Category Archives: Love

Roses

As symbolism for love and everything it entails, roses are the top of the line. I’m not sure where it all started or if it will ever end, but giving someone roses has always meant something. Whether you’re hurting, happy or receiving them for no reason at all, getting handed a rose is considered an international cure-all. Pretty interesting that we’ve all accepted this as fact.

In my backyard, there’s a rosebush. At the beginning of summer, it bloomed and provided a great number of flowers for me to do whatever I chose. I’ve never considered myself a green thumb, nor will I probably ever be considered that, but for some reason I took an immediate liking to these flowers. Below is a picture of the bush in full bloom.

So, yeah. A great thing to look at when you walk out on the back porch and I never once complained about that. I viewed them often, gave several away, but for the most part just left them as they grew. But a few weeks after the photo was taken, the flowers began to die, and I was left with nothing more than a bush. See below.

Already having stated that I’m not a green thumb, the extinction of my beautiful flowers came as a sort of bummer. I kept wondering if they had been improperly taken care of–even going to the lengths to ask my grandmother if there was something I could do. Never one to sugarcoat things, she put it quite frankly when she told me the flowers were dead. Better luck next year.

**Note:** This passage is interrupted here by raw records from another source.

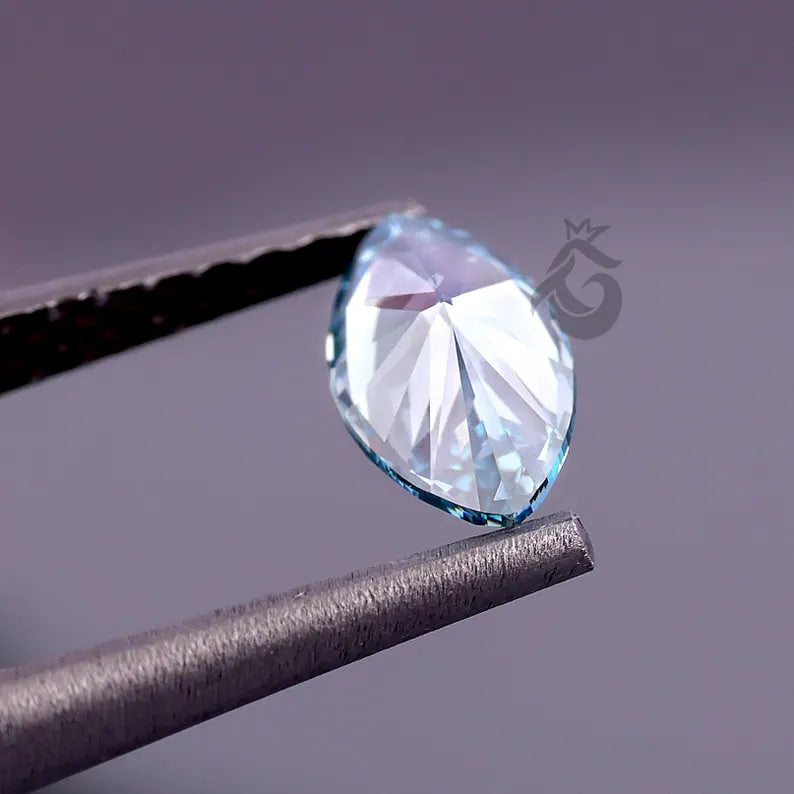 1.51 CT Marquise Fancy Vivid Blue Lab Grown Diamond, IGI Certified VS1, Loose Diamond for Jewelry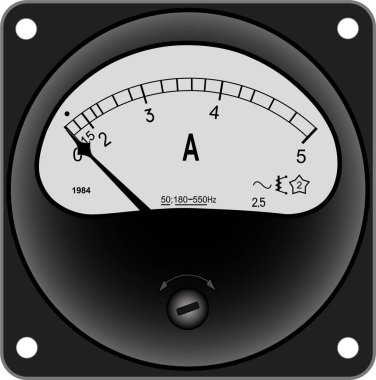 5 ampere alternatif akım için bir kare siyah ammetre (yıl 1984)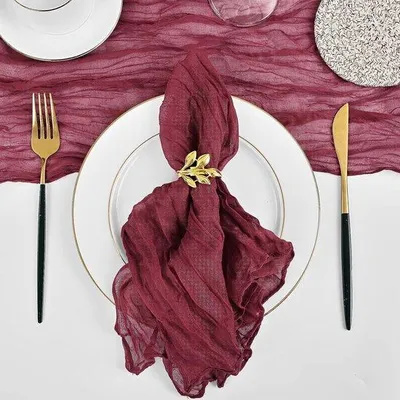 Produktbild von Polyester-Tüchlein, 50 cm x 50 cm, Gaze, Käse-Tuch, Servietten, rustikale Tischdekoration, Hochzeit oder Baby-Shower-Party, Weinrot
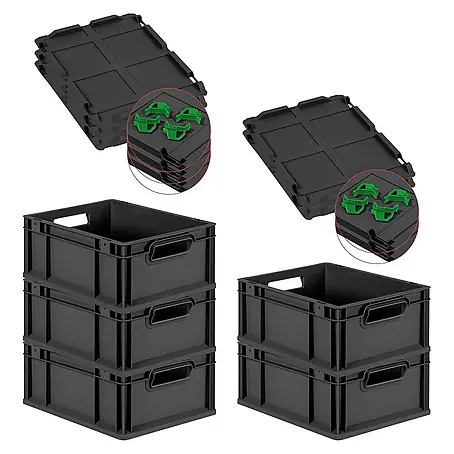 SparSet 5x Eurobox NextGen Grip mit Auflagedeckel inkl. 4 grünen Schiebeschnappverschlüssen | HxBxT 17x30x40cm | 16 Liter | Schwarz | Griffe offen | Eurobehälter, Transportbox, Transportbehälter, Stapelbehälter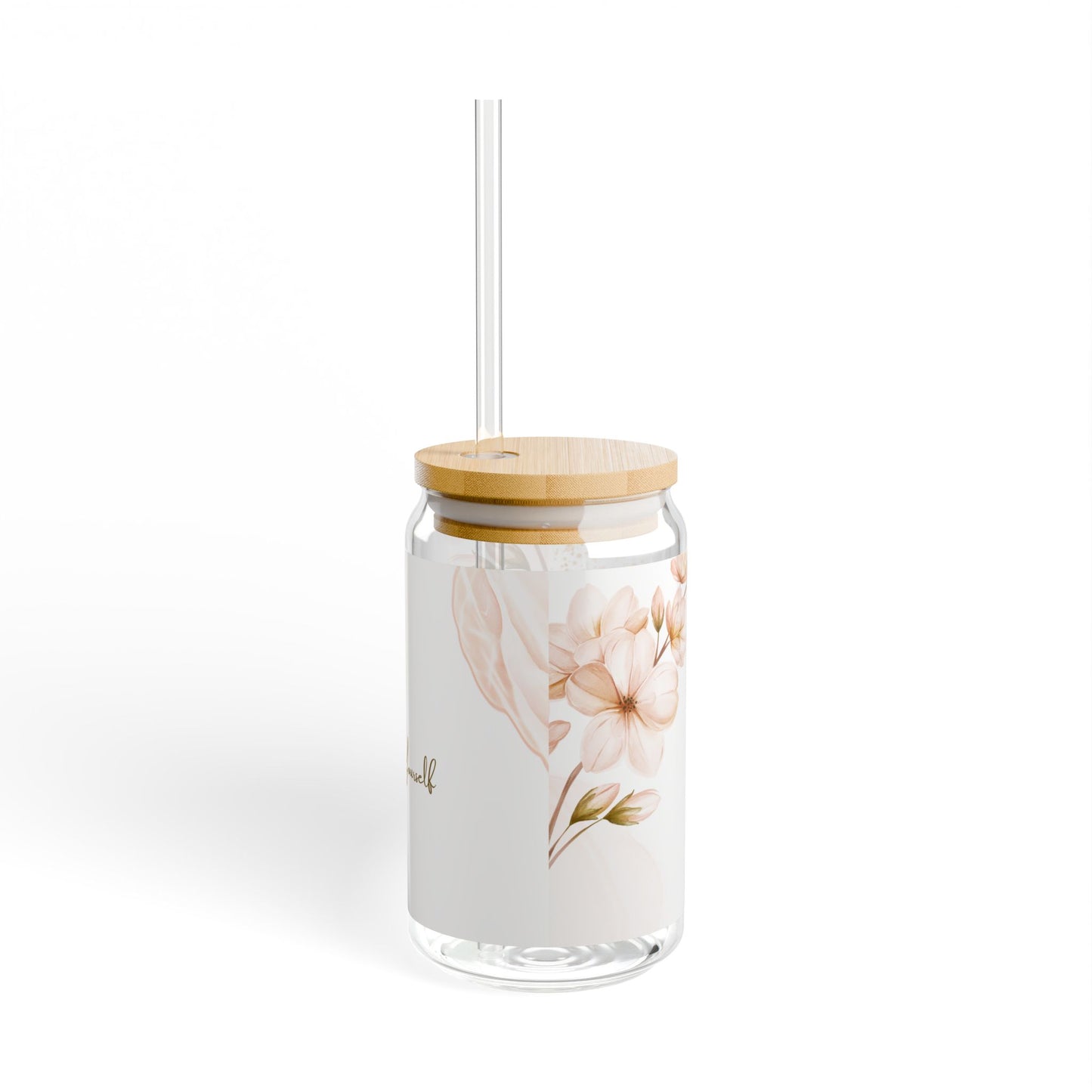 Espresso Yourself Glass Cup with Lid and Straw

But the damn thing about roses is that while the flower itself may have lost its bloom, the bush is still there. Full of thorns and the last place you want to rest your head, it’s still there and capable of reproducing the things that make it so desirable in the first place. I read once that you should never be upset that the rose has thorns, but rather to be glad the thorn-bush decided to grow roses. This seems overwhelmingly true.

So armed with water and an undying desire to restore beauty to my backyard, tender loving care has been applied and continued, never settling for the idea that the flowers are just dead. The flowers are never just dead. Not until you let them die.

This morning I walked out on my back porch to see a sight for truly sore eyes. It seems as though the thorn-bush has decided that it’s not giving up on me, either, and one-by-one the flowers that I once adored are re-appearing.

I guess the point is that things grow, they blossom and eventually, like all things, they die. But giving up sure seems like a silly thing to do. Especially when you know the bush is still alive.